Founded in 1981 by the English businessman Antony Fisher ‘to litter the world with free market thinktanks’, headquartered in Virginia by the US capitol, Atlas is not itself a thinktank: it discreetly fundraises, networks and expands its vast public opinion, public policy and election influence machinery of 515 ‘partner organisations’ in 100 nations. Better known US thinktanks include the Heritage Foundation, the Cato, Heartland and Competitve Enterprise institutes.
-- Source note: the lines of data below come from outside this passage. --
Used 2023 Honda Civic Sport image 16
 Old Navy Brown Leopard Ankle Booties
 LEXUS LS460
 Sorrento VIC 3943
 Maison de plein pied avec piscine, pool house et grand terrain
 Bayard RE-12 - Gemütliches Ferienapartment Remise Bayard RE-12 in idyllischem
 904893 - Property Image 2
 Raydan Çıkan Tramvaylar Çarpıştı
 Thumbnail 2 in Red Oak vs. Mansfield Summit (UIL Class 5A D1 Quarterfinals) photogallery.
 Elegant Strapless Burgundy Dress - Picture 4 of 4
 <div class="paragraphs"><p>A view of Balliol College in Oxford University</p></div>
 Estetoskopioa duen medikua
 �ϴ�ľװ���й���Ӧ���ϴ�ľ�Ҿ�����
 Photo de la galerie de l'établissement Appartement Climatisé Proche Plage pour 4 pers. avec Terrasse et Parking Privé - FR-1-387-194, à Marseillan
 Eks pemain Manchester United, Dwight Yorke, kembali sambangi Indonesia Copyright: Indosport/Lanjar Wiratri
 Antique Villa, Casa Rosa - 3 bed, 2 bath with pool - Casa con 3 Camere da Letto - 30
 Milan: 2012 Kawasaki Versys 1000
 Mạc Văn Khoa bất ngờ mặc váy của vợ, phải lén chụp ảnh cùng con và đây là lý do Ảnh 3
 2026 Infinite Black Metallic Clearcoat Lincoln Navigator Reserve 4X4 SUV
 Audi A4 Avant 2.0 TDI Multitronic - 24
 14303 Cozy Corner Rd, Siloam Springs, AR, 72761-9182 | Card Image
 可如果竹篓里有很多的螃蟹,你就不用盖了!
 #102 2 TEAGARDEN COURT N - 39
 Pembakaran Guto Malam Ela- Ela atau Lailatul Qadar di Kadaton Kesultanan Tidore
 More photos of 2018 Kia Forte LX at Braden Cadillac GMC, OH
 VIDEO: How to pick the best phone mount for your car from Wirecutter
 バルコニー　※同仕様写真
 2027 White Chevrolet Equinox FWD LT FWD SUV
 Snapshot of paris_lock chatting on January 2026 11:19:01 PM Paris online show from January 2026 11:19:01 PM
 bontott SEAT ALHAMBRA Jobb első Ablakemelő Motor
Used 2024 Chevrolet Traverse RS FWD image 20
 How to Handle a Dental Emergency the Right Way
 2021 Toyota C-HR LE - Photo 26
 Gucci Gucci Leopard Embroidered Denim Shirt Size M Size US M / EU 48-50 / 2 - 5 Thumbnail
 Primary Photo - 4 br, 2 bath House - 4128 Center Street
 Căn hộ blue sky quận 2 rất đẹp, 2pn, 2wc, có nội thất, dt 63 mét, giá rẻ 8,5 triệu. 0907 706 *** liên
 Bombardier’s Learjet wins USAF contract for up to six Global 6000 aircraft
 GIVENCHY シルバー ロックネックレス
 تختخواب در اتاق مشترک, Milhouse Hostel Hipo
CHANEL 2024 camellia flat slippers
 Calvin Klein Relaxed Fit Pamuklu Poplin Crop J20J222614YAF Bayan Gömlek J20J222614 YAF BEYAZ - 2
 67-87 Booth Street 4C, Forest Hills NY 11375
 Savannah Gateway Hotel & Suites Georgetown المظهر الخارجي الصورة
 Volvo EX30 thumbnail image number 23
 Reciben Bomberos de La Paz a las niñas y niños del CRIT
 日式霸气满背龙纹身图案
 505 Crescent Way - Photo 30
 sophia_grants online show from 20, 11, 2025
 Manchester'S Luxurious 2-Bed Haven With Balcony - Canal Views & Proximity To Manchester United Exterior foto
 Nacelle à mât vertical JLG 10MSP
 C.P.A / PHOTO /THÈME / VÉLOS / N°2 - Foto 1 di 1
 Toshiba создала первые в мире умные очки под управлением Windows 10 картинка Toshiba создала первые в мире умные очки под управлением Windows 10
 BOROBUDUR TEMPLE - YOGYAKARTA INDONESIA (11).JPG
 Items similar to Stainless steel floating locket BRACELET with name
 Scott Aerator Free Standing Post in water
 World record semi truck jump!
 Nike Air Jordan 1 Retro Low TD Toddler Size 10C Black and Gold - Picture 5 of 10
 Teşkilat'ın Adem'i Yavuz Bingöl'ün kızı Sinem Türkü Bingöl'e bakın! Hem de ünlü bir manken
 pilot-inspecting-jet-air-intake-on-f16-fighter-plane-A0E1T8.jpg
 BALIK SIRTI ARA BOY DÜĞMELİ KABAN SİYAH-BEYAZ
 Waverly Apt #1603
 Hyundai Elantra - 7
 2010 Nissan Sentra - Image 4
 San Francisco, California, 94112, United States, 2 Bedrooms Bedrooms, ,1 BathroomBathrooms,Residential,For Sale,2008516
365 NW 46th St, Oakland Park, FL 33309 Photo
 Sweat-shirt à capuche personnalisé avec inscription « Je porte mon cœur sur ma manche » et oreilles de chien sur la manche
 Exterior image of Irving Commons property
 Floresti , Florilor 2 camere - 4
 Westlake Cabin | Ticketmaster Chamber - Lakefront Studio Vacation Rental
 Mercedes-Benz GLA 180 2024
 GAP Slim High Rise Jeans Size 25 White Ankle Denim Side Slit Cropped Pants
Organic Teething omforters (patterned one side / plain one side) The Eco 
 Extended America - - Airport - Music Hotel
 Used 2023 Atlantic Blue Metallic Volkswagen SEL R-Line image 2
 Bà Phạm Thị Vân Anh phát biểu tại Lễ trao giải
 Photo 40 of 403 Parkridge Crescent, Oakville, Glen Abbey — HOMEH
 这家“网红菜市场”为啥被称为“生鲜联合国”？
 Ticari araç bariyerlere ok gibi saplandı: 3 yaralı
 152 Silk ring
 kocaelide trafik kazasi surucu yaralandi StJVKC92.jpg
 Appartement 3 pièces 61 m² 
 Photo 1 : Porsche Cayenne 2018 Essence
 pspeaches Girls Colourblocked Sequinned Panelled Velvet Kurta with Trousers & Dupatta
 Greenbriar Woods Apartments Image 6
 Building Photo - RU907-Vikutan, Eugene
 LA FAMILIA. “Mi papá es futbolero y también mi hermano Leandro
All oppose climate policy, and all have have documented histories of oil-derived funding, eg. from oil billionaires Charles Koch and Richard Scaife along with ExxonMobil and other multinational corporations.[1]
Limited disclosure laws prevent Australians from knowing who funds the Australian Atlas units, but we do know where the founding grants came from.
In 1976, John Bonython, founder of gas giant Santos, invited Fisher to privately gather support amongst big business for the CIS, an early Atlas institute modelled on Fisher’s prototype neoliberal thinktank founded in 1955: the London-based Institute of Economic Affairs. By the mid-1970s, IEA’s donors included Shell, BP, RioTinto, Exxon and many others,[2] whose identities were carefully concealed from the general public targeted through the mass-media by ‘free market’ opinion demanding privatisation, deregulation and regressive tax cuts.
Foundation CIS grants came from Santos, Shell, BHP, Rio Tinto, Western Mining Corp (WMC) and News Ltds’s Adelaide Advertiser. With WMC’s international mining powerbroker Hugh Morgan, a member of the Atlas Network’s corporate board from 1984, Newman and the late Neville Kennard (of Kennard’s Hire) were closely involved in founding the CIS (Kelly 1992, p. 47). The founding board of the IPA (est 1943) included Keith Murdoch and representatives of BHP, WMC and ConZinc (now RioTinto).[3]
It is no accident the No campaign is being run through the same personnel, organisations and methods of the longstanding fossil-funded Atlas campaign to misinform the public about climate science, defeat climate policy, block clean energy transition, and defeat an effective, binding UN climate treaty –all too familiar to Australians. The No campaign can be safely assumed as being conducted by proxy on behalf of fossil-fuel corporations and their allies, whose efforts to mislead the public on life-and-death matters reach back over half a century.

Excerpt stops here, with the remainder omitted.